**PROBLEM:**
For the copy, please give all of the data again exactly and leave the pictures out.

**SOURCE DATA:**
◆ ◆ ◆

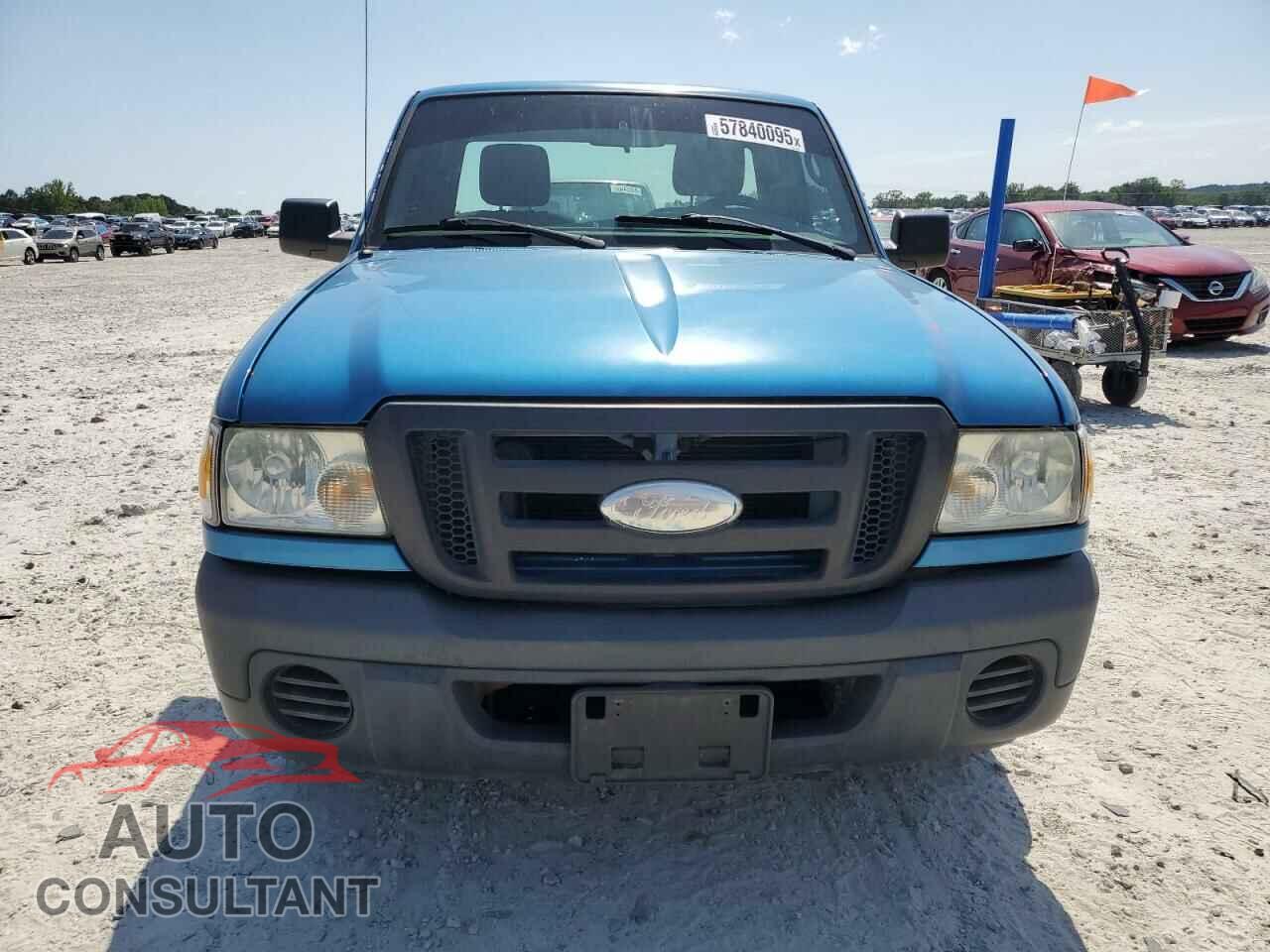 FORD RANGER 2010 - 1FTKR1AD3APA01206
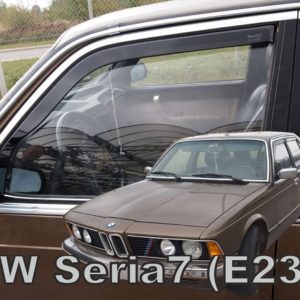 ΑΝΕΜΟΘΡΑΥΣΤΕΣ ΓΙΑ BMW E23 ΣΕΙΡΑ 7 4D 1976-1986 ΖΕΥΓΑΡΙ ΑΠΟ ΕΥΚΑΜΠΤΟ ΦΙΜΕ ΠΛΑΣΤΙΚΟ HEKO – 2 ΤΕΜ.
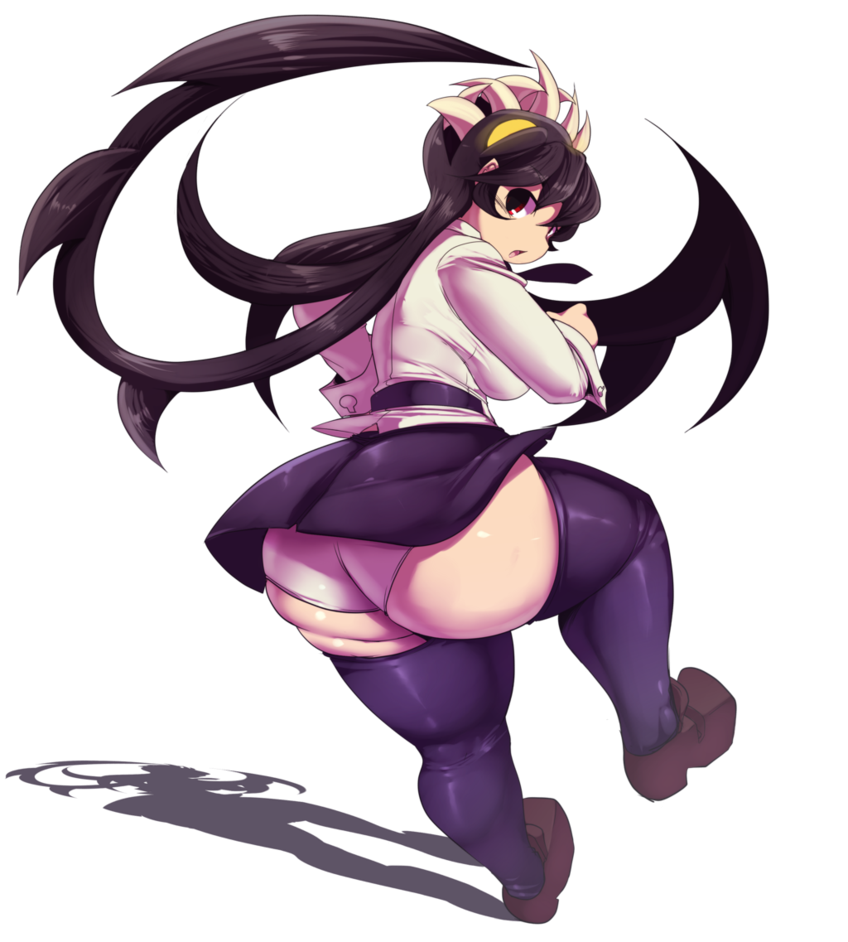 filia (skullgirls) Big Ass Hentai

◆ ◆ ◆

**EXERCISE SOLUTION:**
 FORD RANGER 2010 - 1FTKR1AD3APA01206
 ΑΝΕΜΟΘΡΑΥΣΤΕΣ ΓΙΑ BMW E23 ΣΕΙΡΑ 7 4D 1976-1986 ΖΕΥΓΑΡΙ ΑΠΟ ΕΥΚΑΜΠΤΟ ΦΙΜΕ ΠΛΑΣΤΙΚΟ HEKO – 2 ΤΕΜ.
 filia (skullgirls) Big Ass Hentai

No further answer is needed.